The $120 million project is a multimodal transportation solution designed to reduce congestion, increase capacity and improve safety along Crater Lake Highway.

“The corridor is a critical business connection, locally and regionally, for freight, tourism and commuters,” said ODOT Project Leader Dick Leever. “The Crater Lake Highway currently exceeds capacity standards.

“Future growth is expected to significantly increase traffic volumes.”

The project’s first phases are slated for construction in 2015. The 4.5-mile expressway would start at a small directional interchange near Whittle Road, follow the east side of the Medford Airport, pass over Vilas Road, and connect back to the Crater Lake Highway near Corey Road.
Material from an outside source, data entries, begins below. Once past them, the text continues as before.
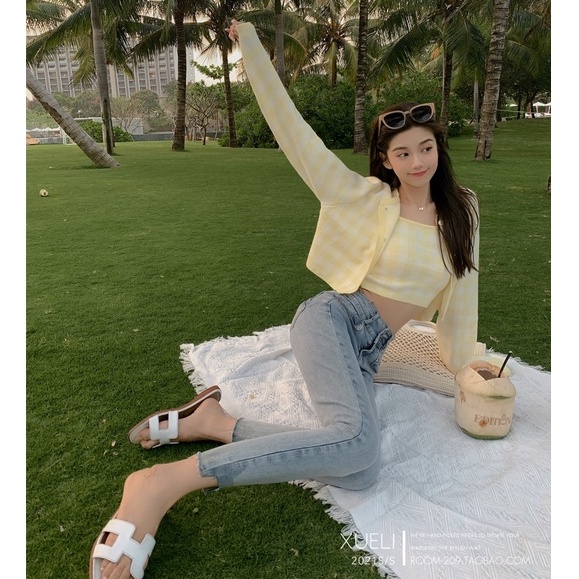 Porozi  Set áo khoác cardigan dệt kim dáng ngắn phối áo hai dây phong cách Hàn quốc xinh xắn cho nữ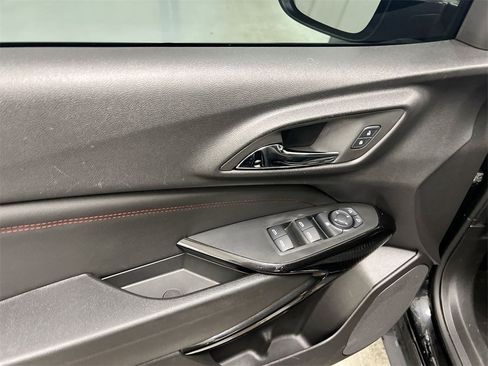 Used 2024 Chevrolet Trax RS w/ Sunroof Package image 21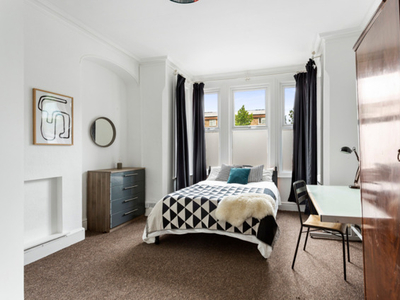 7 Bedroom Semi-detached House For Rent In Derby, Derbyshire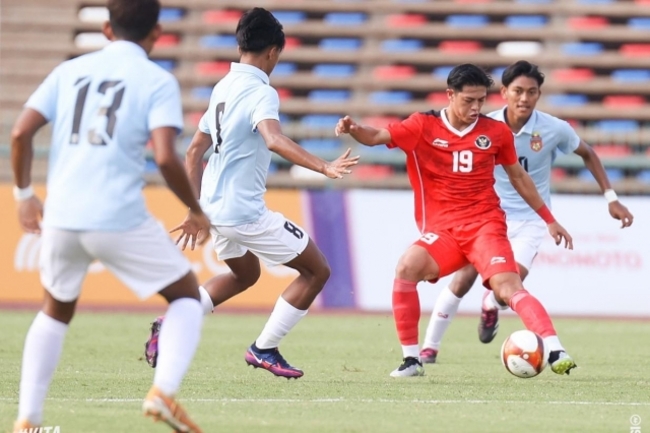  Màn đụng độ Indonesia vs Lào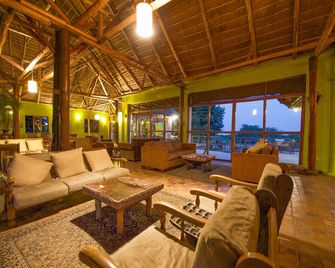 Ihamba Lakeside Safari Lodge - Kichwamba - Sala de estar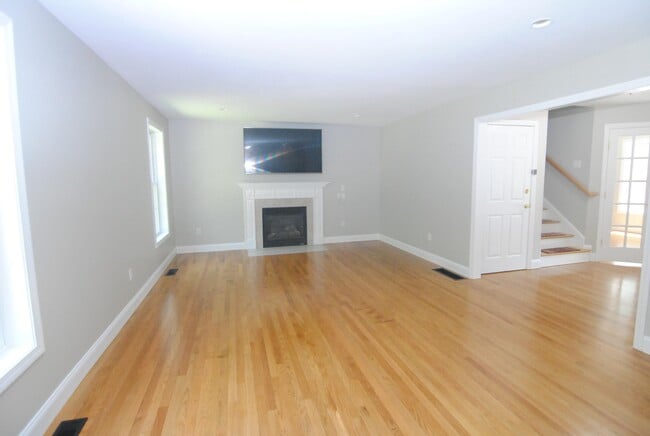 Building Photo - 46 Cherrywood Dr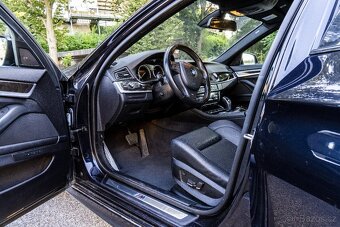 BMW F11 535d 220KW tmavě modrá - 6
One of the biggest features of the Oregon 62: I-5 to Dutton Road project will be the construction of a four-lane, access-controlled expressway. The expressway would provide faster travel and improved safety within and throughout the region.

The addition of sidewalks and transit-related enhancements are planned on the existing Oregon 62 corridor.

The Citizen’s Advisory Committee and Project Development Team shepherded the Oregon 62: I-5 to Dutton Road project since its inception in 2004. ODOT, the Federal Highway Administration, stakeholders, regulatory agencies, and the public worked together to develop the build alternatives.

The PDT included representatives from ODOT, the City of Medford, Jackson County, the Rogue Valley Metropolitan Planning Organization, the Jackson County/Medford Chamber of Commerce, the freight and trucking industry, FHWA, the CAC, and two citizens-at-large. The team is responsible for management decisions, technical quality and assisting in the successful development of the project.

The CAC comprised representatives of neighborhoods, businesses, and community interests. These members represent disciplines such as bicyclists, pedestrians, transit, agriculture, environmental issues and other interests.

ODOT also conducted other outreach efforts as part of the process, including public workshops.

The CAC and PDT reviewed public comments submitted during a 45-day public comment period and project open house in 2012. Following the review, team members confirmed the earlier design alternatives.

According to Leever, one of the main concerns heard was how the full project, estimated to cost $400 million, would impact individual properties.

“The response from the public was very good at the project’s open house and public hearing last year,” said Leever. “Many people learned what the project is designed to solve and asked specific questions about how construction would affect their property.”

FHWA will make the final decision on the build alternatives through the National Environmental Policy Act process, which helps decision-makers evaluate project alternatives. NEPA, enacted in 1970, requires disclosure of the environmental impacts of federally-funded projects and opportunity for public comment.

As the proposed project is considered, it is important that both the public and public agencies have access to the same information and understand how the proposed project could affect them and the environment. Public input on the EIS helps FHWA and ODOT evaluate the impacts of the proposed project, identify proposed conservation and mitigation measures, and choose the best overall alternative.

“Giving citizens, stakeholders, and public agencies the opportunity to review and comment on the proposed project is a vital part of the NEPA process,” said Leever.